My apologies to those struggling with infertility, because my intent is not to be hurtful. I just worry! And although I won’t worry about this once I see two lines, I will move onto worrying about a baby. And when I’m handed my newborn, I’ll start a whole new set of worries… *sigh*
How ironic is it that getting pregnant, being pregnant, becoming a Mom, are some of the the BIGGEST worry times of your life…but the happy pills you can take are not recommended for pregnancy?!?! lol







Comments
Bug's Mom
I was terrified that I wouldn’t be able to get pregnant. I have a history of ovarian cyts and both DH and I just had hit what I’d read was an age of decreased fertility for both of us (me,over 28, him, over 40),and I’d been taking birth control for about 10 years . We were pregnant in 6 weeks after I stopped taking the pill. In all likelihood, your body will do exactly what it was designed to do. Relax and enjoy it.
tabitha
see…you are a mother already with all that worry
i think it’s just natures way of preparing us for motherhood
that said
stop worrying
seriously
’cause that only compounds the problem
and i have learned over and over and over again that worry in no way wards off what you are worrying about
though i used to think it might
i worried myself dizzy when it took us a year to concieve our second child (doing everything right and peeing on every stick they made)
my midwife finally told me to get some wine coolers and go fool around with my husband in the back seat of the car
i don’t really like wine coolers
or cramped back seats
but…it was good advice
if i could have taken it
B
Haha – that IS ironic
Also ironic is when pregnancy leaves you with a postpartum need for the happy pills. I’m working on weaning off mine now that we’re approaching her first birthday :/
Lil' Woman
I’m not ready for baby making yet but after reading so many infertility blogs, I’d be lying to say that it doesn’t scare me a bit.
Teresa
I had been on the pill for over 10 years, had a LEEP procedure done in the past and we had been trying for a few months. So we went to the doctor. I was diagnosed with PCOS. I ended up going through all sorts of tests then switched to an infertility doctor. Once we were there, it felt like an incredible weight had been lifted off our shoulders. We were meant to be there!! We ended up getting pregnant our first month with the infertility doctor and going through weekly ultrasounds (sometimes two times a week) to monitor things. We ultimately decided that we were where we needed to be and that made all of the difference.

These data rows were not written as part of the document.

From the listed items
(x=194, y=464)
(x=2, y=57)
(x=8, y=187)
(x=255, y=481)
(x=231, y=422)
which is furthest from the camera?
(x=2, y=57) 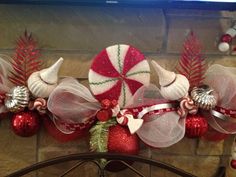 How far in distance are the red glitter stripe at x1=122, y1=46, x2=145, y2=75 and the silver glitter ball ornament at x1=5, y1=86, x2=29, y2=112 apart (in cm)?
32

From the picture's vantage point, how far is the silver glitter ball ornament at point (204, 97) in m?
1.15

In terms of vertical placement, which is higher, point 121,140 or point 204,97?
point 204,97

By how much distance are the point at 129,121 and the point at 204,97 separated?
248mm

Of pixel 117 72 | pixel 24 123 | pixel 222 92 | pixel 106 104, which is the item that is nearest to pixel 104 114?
pixel 106 104

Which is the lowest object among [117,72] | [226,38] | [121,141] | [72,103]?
[121,141]

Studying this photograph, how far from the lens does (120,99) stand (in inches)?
45.6

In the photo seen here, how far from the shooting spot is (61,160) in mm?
1116

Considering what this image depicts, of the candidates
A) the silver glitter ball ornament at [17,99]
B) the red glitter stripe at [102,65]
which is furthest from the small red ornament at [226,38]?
the silver glitter ball ornament at [17,99]

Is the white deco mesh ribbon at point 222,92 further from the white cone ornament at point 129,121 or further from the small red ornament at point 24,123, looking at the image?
the small red ornament at point 24,123

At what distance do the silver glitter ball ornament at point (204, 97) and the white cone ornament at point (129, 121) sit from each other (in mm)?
189

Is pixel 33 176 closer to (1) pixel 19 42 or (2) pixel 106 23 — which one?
(1) pixel 19 42

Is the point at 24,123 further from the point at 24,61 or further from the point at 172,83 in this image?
the point at 172,83

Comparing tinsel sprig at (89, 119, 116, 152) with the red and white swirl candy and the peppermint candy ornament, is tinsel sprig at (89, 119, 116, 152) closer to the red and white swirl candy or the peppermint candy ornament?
the peppermint candy ornament

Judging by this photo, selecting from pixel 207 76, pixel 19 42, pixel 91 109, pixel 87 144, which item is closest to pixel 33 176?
pixel 87 144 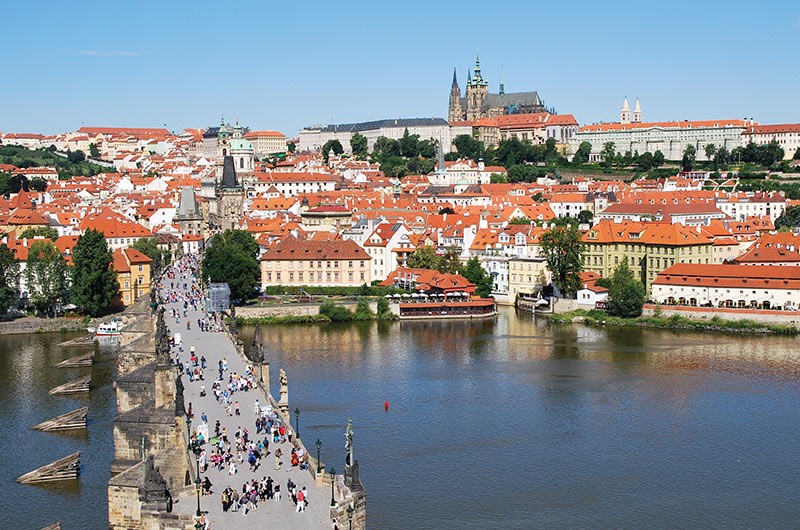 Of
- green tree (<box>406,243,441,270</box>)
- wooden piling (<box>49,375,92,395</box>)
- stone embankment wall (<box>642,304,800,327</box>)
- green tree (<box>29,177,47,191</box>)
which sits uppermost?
green tree (<box>29,177,47,191</box>)

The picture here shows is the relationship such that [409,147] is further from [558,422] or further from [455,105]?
[558,422]

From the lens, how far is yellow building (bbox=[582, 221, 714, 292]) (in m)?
48.9

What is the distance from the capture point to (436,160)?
365 feet

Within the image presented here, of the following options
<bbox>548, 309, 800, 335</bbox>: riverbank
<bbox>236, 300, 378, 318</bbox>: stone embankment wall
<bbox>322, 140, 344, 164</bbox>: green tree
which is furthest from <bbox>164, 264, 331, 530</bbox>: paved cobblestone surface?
<bbox>322, 140, 344, 164</bbox>: green tree

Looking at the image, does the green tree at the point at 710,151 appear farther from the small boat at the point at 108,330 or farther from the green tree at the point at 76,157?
the small boat at the point at 108,330

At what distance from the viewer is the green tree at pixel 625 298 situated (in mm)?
44406

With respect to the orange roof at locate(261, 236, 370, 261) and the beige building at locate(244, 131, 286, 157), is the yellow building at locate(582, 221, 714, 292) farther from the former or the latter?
the beige building at locate(244, 131, 286, 157)

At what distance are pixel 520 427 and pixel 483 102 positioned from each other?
118 meters

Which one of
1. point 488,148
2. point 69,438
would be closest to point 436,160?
point 488,148

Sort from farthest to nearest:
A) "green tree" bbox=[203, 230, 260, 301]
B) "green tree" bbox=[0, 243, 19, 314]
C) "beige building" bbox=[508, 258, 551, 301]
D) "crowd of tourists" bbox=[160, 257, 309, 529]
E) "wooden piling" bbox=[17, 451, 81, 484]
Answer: "beige building" bbox=[508, 258, 551, 301]
"green tree" bbox=[203, 230, 260, 301]
"green tree" bbox=[0, 243, 19, 314]
"wooden piling" bbox=[17, 451, 81, 484]
"crowd of tourists" bbox=[160, 257, 309, 529]

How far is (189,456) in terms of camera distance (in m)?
19.1

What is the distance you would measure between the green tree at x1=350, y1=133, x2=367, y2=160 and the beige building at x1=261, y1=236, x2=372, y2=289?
71.8 meters

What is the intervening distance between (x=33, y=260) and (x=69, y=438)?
836 inches

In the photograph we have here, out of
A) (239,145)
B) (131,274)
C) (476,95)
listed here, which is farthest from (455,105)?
(131,274) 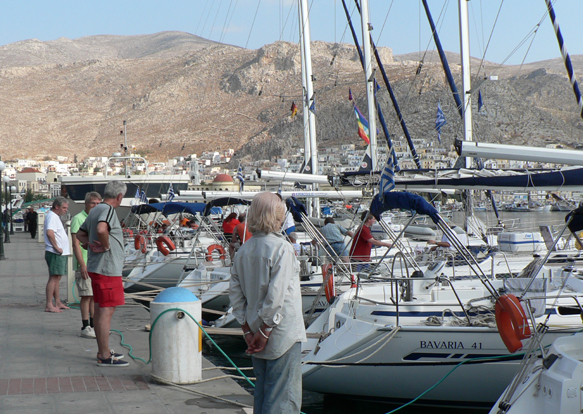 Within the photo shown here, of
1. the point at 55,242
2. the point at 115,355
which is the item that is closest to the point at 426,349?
the point at 115,355

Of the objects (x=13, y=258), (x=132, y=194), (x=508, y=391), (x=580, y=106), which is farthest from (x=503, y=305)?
(x=132, y=194)

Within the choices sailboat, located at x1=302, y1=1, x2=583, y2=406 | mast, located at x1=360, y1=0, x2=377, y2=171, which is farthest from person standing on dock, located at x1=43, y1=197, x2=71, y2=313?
mast, located at x1=360, y1=0, x2=377, y2=171

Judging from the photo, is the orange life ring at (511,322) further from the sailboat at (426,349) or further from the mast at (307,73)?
the mast at (307,73)

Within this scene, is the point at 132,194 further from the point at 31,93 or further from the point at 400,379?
the point at 31,93

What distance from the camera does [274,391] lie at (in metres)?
3.85

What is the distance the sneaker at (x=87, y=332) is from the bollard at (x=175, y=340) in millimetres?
2035

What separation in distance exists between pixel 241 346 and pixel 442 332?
5417 mm

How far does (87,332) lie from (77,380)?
1.88m

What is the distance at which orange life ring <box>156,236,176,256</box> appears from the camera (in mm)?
16067

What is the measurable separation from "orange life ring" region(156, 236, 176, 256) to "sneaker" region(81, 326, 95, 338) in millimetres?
8419

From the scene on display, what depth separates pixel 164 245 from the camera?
54.2 feet

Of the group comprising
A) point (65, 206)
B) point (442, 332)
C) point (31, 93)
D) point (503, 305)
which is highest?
point (31, 93)

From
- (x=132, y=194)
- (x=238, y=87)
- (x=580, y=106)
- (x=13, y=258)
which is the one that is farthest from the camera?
(x=238, y=87)

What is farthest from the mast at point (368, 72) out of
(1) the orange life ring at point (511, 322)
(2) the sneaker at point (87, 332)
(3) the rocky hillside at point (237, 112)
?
(3) the rocky hillside at point (237, 112) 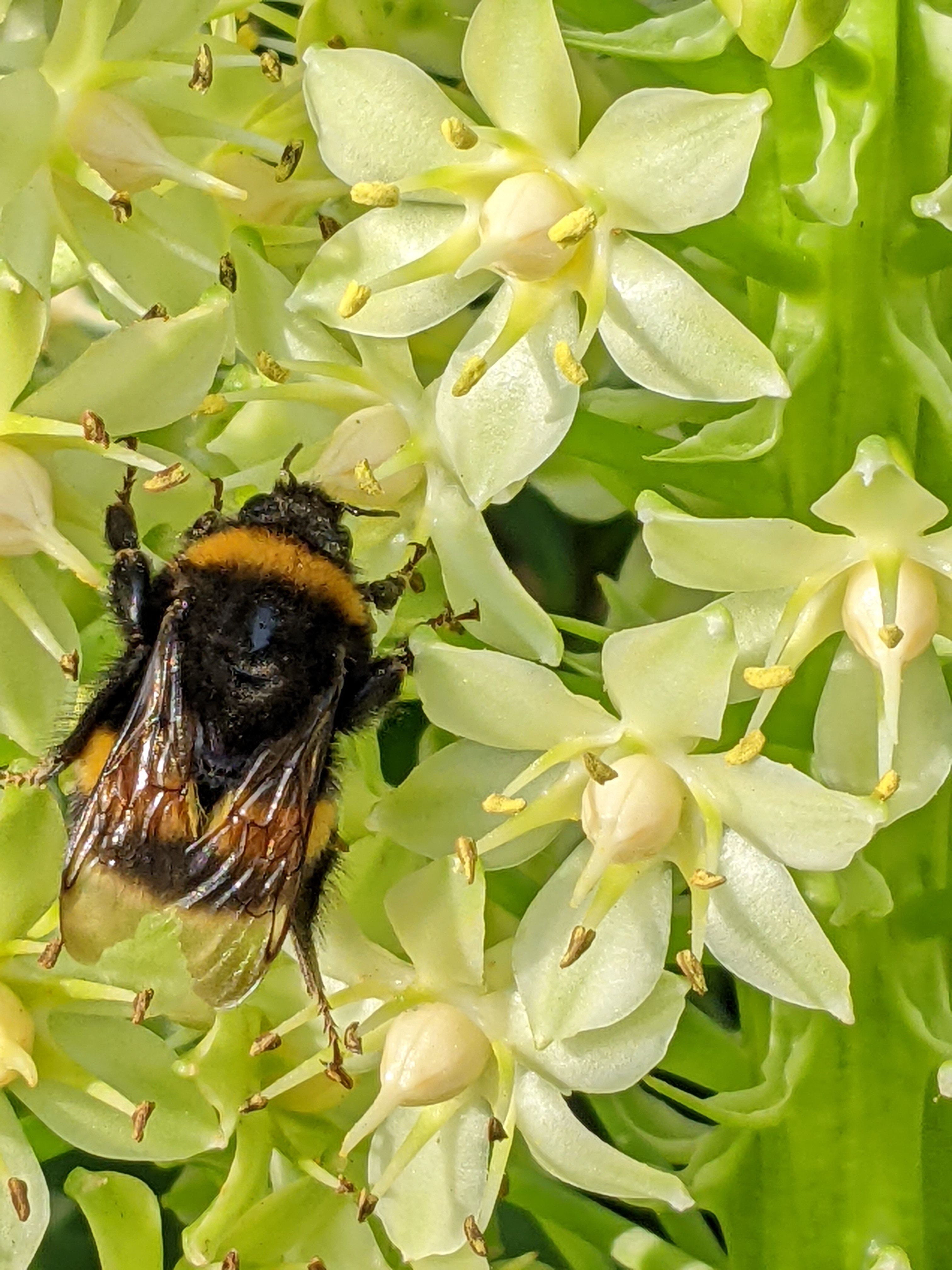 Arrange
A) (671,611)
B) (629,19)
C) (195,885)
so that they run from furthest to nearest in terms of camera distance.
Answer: (671,611), (629,19), (195,885)

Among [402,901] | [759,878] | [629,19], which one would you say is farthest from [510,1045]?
[629,19]

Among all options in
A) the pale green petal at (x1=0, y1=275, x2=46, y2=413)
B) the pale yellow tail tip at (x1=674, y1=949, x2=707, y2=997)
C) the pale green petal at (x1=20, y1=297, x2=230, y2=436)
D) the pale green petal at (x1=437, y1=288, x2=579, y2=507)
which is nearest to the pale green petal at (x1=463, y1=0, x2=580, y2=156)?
the pale green petal at (x1=437, y1=288, x2=579, y2=507)

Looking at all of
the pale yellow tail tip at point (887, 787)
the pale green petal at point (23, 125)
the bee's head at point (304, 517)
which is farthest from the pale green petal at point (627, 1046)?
the pale green petal at point (23, 125)

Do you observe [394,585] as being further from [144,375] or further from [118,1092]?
[118,1092]

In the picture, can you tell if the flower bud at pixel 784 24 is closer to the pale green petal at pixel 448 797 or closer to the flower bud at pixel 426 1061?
the pale green petal at pixel 448 797

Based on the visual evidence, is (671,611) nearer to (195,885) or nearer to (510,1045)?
(510,1045) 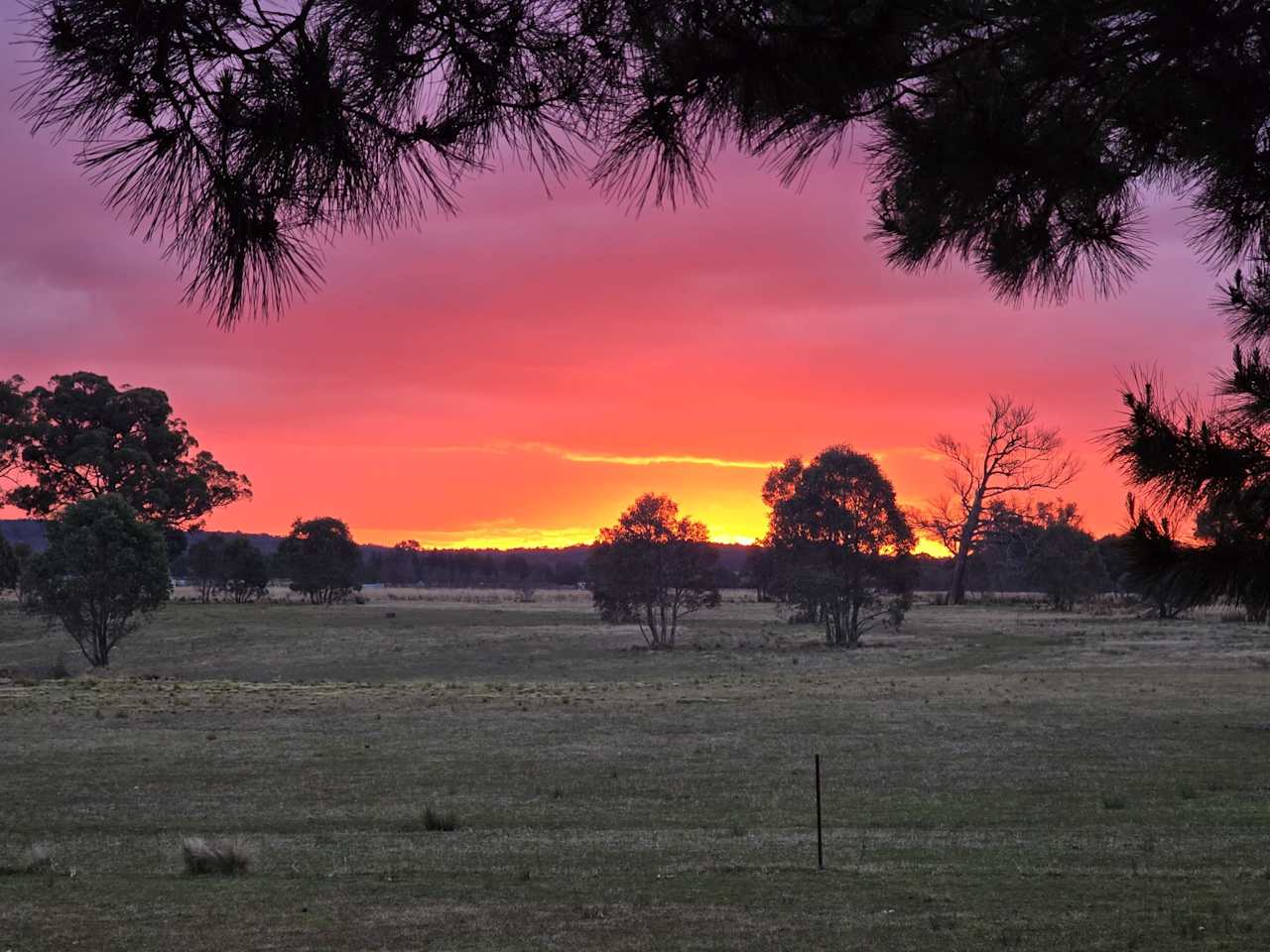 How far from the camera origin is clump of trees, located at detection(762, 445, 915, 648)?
60.3 metres

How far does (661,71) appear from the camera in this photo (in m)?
5.80

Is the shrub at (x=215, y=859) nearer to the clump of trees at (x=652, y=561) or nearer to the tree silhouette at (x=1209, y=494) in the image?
the tree silhouette at (x=1209, y=494)

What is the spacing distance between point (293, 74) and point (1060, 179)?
4.34 m

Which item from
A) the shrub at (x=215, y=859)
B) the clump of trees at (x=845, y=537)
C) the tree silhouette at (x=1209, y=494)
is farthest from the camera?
the clump of trees at (x=845, y=537)

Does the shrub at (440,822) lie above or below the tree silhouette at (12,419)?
below

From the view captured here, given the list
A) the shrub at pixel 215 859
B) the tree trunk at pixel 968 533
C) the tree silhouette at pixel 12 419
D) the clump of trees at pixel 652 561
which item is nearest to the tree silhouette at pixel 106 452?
the tree silhouette at pixel 12 419

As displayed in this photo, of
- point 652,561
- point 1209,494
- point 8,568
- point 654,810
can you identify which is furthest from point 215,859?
point 8,568

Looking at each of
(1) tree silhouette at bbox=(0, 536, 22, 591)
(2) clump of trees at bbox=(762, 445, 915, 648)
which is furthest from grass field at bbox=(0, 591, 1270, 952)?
(1) tree silhouette at bbox=(0, 536, 22, 591)

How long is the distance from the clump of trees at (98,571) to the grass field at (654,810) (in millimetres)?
10786

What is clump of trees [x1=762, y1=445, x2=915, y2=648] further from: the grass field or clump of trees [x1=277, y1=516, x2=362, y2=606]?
clump of trees [x1=277, y1=516, x2=362, y2=606]

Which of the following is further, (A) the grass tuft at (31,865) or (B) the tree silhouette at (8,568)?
(B) the tree silhouette at (8,568)

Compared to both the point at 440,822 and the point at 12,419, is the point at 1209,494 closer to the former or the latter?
the point at 440,822

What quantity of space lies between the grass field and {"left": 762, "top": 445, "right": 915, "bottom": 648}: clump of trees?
15.3 meters

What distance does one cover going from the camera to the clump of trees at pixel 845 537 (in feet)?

In the end, we had been trying for almost a year.
Even now, when we’re thinking about trying for our second child, we need to remember to take things in stride. Go where you’re comfortable, try not to sweat the small stuff and it’s OK if you need to go to an infertility doctor (we also found I wasn’t ovulating every month).
My little sister, who is NOT religious at all but knows I am, said, “God is waiting for the perfect little soul for you guys! Be patient, he’s looking!!”
Good luck!!
Whitney
You’re certainly not the only one with those worries! You should try not to worry unless it starts taking a long time, and then approach it with your doctor. Sometimes, it’s easy to make your family, other times it’s not, but either way you’ll get there eventually.
Sit back, relax, and enjoy whatever ride you have to get to being a Mommy! It will make whatever ride you take easier, if even just a little.
Natalie
Just try to take a deep breath and not get yourself too worried yet. It could take you some time, or maybe it won’t. But worrying never helped. Of course as easy as that is to type, it is also the first thought the enters every woman’s mind when she gives up that pill. You’re so right that the worries just keep on building with each new thing. Keep in mind, your just experiencing the 2WW anxiety. So you’re probably worrying about the situation both ways: “What if I can’t get pregnant?”. and “What if I am pregnant? Am I ready for this?”. It is the ultimate dichotomy.